Introducing CDC at Royal Mail
As the consultation response states, the DWP plans to introduce CDC provisions slowly, starting with the Royal Mail scheme. This is where CDC first emerged as a practical idea here in the UK, with First Actuarial playing an instrumental role. We’ve worked with Royal Mail, the Communication Workers’ Union (CWU) and the DWP on the CDC proposal.
The simplified approach that the Government is taking to allow the Royal Mail CDC scheme to go ahead is the right one, I believe. Let’s get the Royal Mail scheme right and then expand CDC to other organisations.
Terry Pullinger from the CWU is strikingly enthusiastic about CDC. As he states in the response document: “We are very proud and ready to be at the forefront of this historic moment which we believe will make a major contribution to offering future dignity and security in retirement for decent working people.”
To read more about the story of CDC at Royal Mail, read our case study and article, Royal Mail, CWU and First Actuarial – History in the making with CDC pensions.
Where does CDC go from here?
Heartening though the Royal Mail story is, nobody wants CDC to end there. I strongly welcome the flexible structure of the legislation which will accommodate variations in the CDC model as time goes on. Other employers are already interested in CDC, and the Government has pledged to work with interested parties to broaden out the legislation once the Royal Mail scheme is established.
With the likelihood of primary legislation being held up by Brexit, it would be good to see work on the regulations start straight away. In time, I’d like to see an amendment to admit mastertrusts and multi-employer schemes. Mastertrusts would be a great way to allow drawdown from individual-based DC and offer improved pension options to the self-employed.

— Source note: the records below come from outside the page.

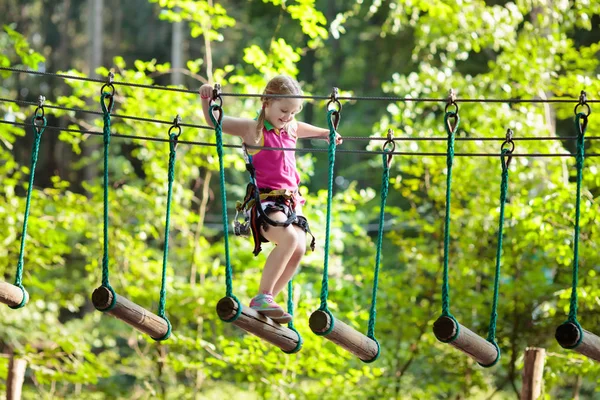 Ребенок Лесной Парк Приключений Дети Взбираться Высокие Веревки След Ловкость — стоковое фото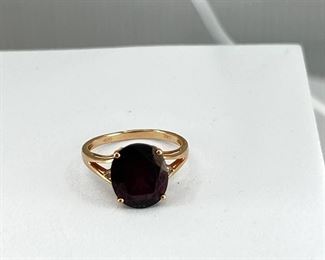 14K rose gold ring with Opal shape Garnet & Diamonds. 3.20 gr. $145.-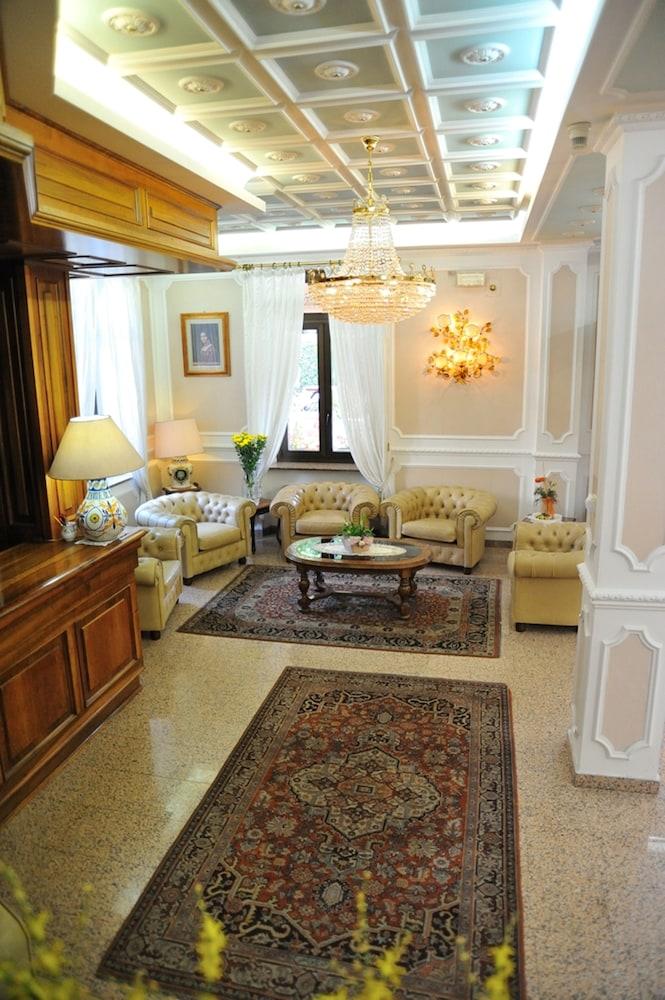 Hotel Savona モンテカティーニ・テルメ エクステリア 写真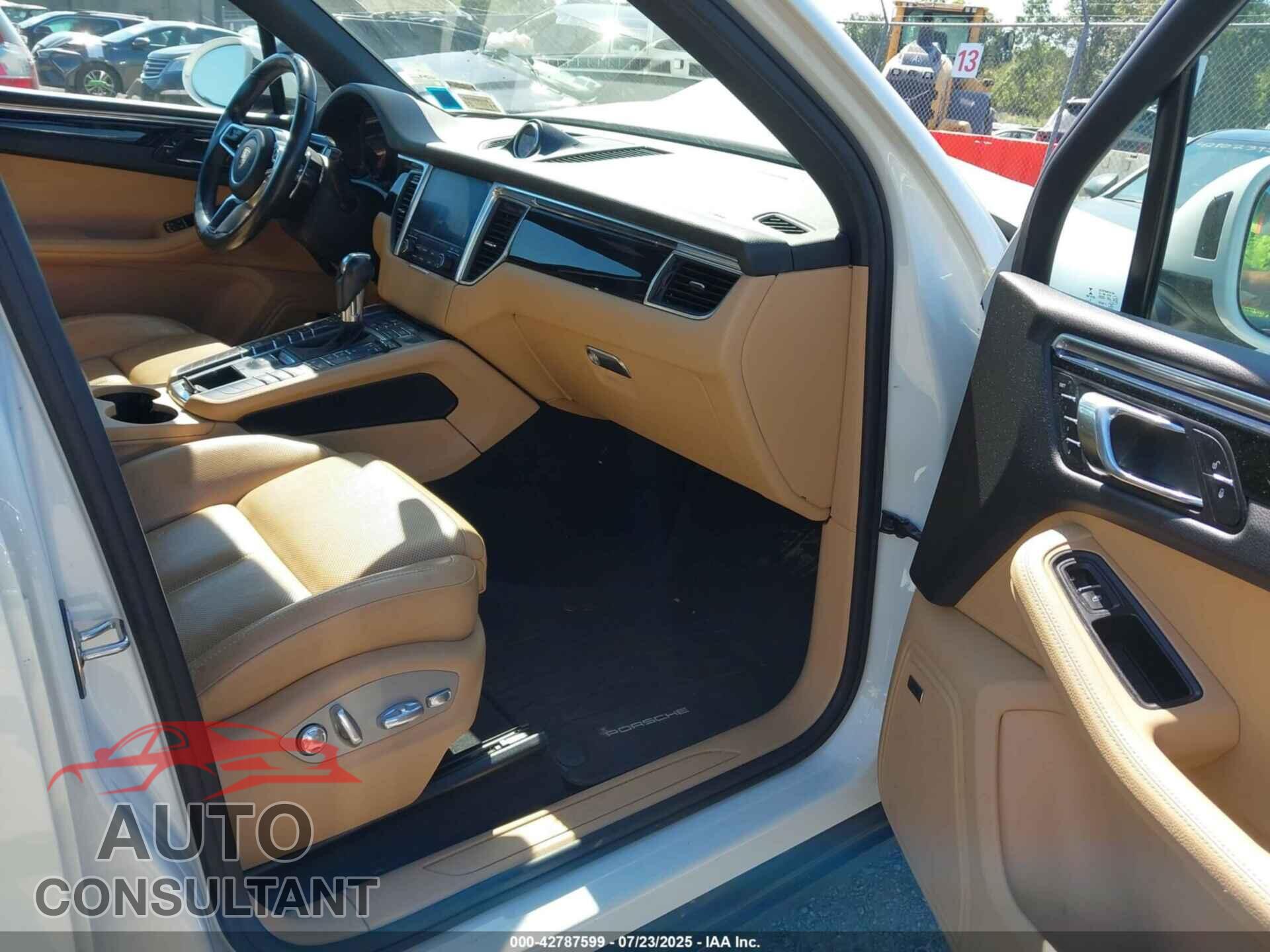PORSCHE MACAN 2017 - WP1AA2A51HLB05971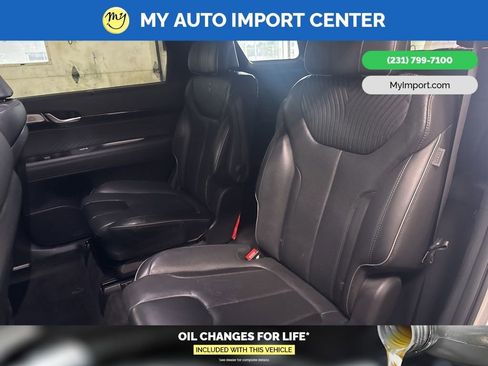 Used 2024 Hyundai Palisade Calligraphy image 25
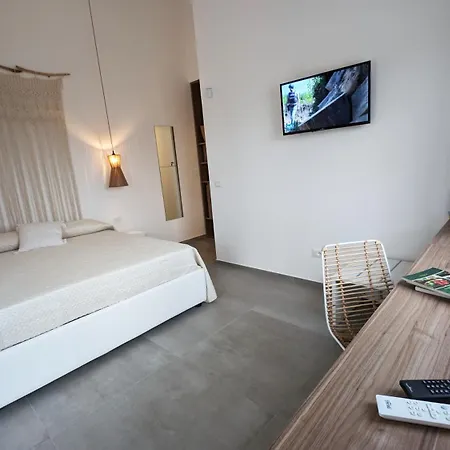 לינה וארוחת בוקר Rora 1962 - Boho Chic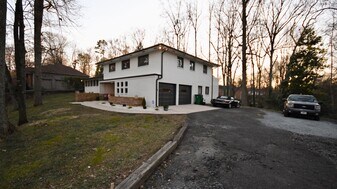 5755 Doncaster Dr in Charlotte, NC - Building Photo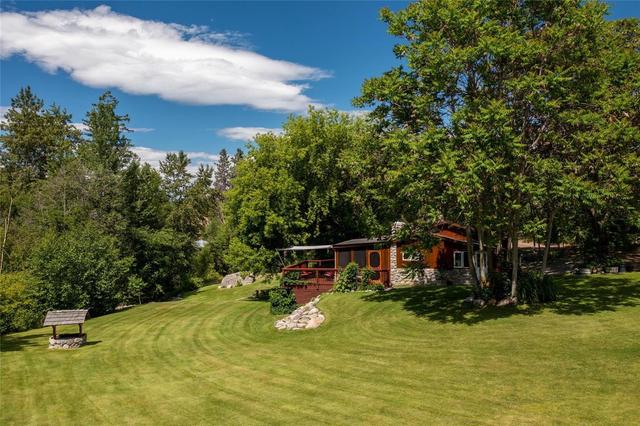 1092 Robinson Avenue, House detached with 2 bedrooms, 1 bathrooms and null parking in Okanagan Similkameen E BC | Image 2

CDC may be new to the UK, but there are CDC schemes already in operation in other countries. We need to scrutinise existing models to make sure the details fit the UK’s own legal and cultural frameworks. Taxation (not covered in any length in the Government’s response) is a particularly thorny issue that needs to be tackled sooner rather than later.
Let’s get the CDC conversation going
Pensions are a society-wide issue, and this is a key moment in their history, so there’s a strong case for making all generic documents public – and welcoming scrutiny. It’s good to see the response document emphasising the importance of clear communication. Like everyone at First Actuarial, I pride myself on communicating in plain English. As the response document points out, ordinary people are likely to misinterpret the financial term ‘best estimate’ as ‘highest estimate’, for example. We must guard against such misunderstandings.
I would raise one concern. There is a tendency to hold CDC to a higher standard than is the case elsewhere in the pensions world – where bamboozling members is commonplace. That’s not to say we shouldn’t hold ourselves to a high standard in communicating CDC. But for members the most important thing is for their scheme to work!
Moving forward with a positive mindset
It really is brilliant to have got this far. Why do I say this? Well CDC is a great example of actuaries working creatively to find a solution to a big problem. We’ve already seen one trade union, CWU, coming together with an employer, Royal Mail, to take a new innovative approach to pensions. And they’ve now persuaded Government to pass legislation to make it happen.
There’s plenty of work to do to bring CDC to fruition, but everyone at First Actuarial is up for it. And we’re more than happy to help if the Government wants to set up a CDC working group.
Think of CDC as the pension equivalent of a greenfield site, a scheme with none of the legacy problems such as aging systems that we hear so much about. We can start with a blank screen and design schemes that meet the needs of the many not just the few. We need more initiatives like this to rebuild Britain and improve standards of living at every level of society.